In our practice, as in most, there usually is a shipping charge associated with each order that is sent to our office. Those orders generally run in the vicinity of $8 per order. If you have five orders per day, and placed each one separately, the total shipping for the day would be $40. If you batched all five orders into one order, and they were all shipped together, the shipping then becomes $8 and you have saved $32 for that day in shipping costs. Multiply that cost by 260 working days in a year and you have just saved yourself $8,320. Amazing how a small savings per order can lead to large results over the year. One caveat to this formula is that most vendors require a minimum in order to take advantage of batching. That minimum is usually in the range of $250.

Pass On Cost Savings to Patients

We do not change the price of our contact lenses based on whether we batch an order. Yet we do pass on savings to patients that the vendors pass on to us based on the size of the order. Most manufacturers will provide free shipping on a six-month supply of a daily replacement lens and a one-year supply of either a two-week replacement lenses or a monthly replacement contact lenses. The offer is usually reserved for the direct shipments to patients. This helps the patient and the practice to save money in shipping fees. It’s also a practice builder in that it encourages patients to purchase annual supplies of contacts, allowing the practice to capture all of a patient’s contact lens purchases for the year.
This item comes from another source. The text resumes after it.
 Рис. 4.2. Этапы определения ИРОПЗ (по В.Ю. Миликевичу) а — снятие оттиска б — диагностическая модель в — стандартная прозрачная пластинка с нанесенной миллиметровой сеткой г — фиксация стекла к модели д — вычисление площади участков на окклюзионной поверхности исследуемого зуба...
Create System to Order in Batches

Batching would be easy if we only ordered from one contact lens company. I have talked to a few doctors who limit themselves to one or two contact lens vendors. If you are more like our office–we order from everyone–then batching is not quite that simple. Most vendors allow you to batch through them either by phone or internet, yet if you buy from the big four contact lens manufacturers, then you will have to batch four times a day. This is still much better than placing individual orders. At our office, we have reduced cost even more by using a contact lens distributor to minimize the amount of batching that needs to be done for the day.

We also reduce costs and time by batching at the end of each day, rather than twice daily.
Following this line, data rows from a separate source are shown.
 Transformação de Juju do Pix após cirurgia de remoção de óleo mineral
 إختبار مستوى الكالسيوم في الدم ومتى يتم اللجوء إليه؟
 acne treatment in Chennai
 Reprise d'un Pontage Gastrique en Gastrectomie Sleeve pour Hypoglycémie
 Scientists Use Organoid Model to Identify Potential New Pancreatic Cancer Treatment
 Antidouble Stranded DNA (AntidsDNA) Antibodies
Batching is a good idea for any size practice that orders more than the minimum that vendors require for batching. Even if you only order two jobs per day, batching would cut your shipping cost in half. Per day that may not seem like much, but $8 per day is still $2,080 per year. That would even be a substantial savings for an office that is not a large volume contact lens practice.

Work with CL Vendors

All contact lens vendors seem receptive to batch ordering because it streamlines their process. Rather than sending out six separate boxes for six orders, they can cut time and reduce waste by putting all six orders in one shipment. It’s a win-win: Better for vendors, and better for the practice.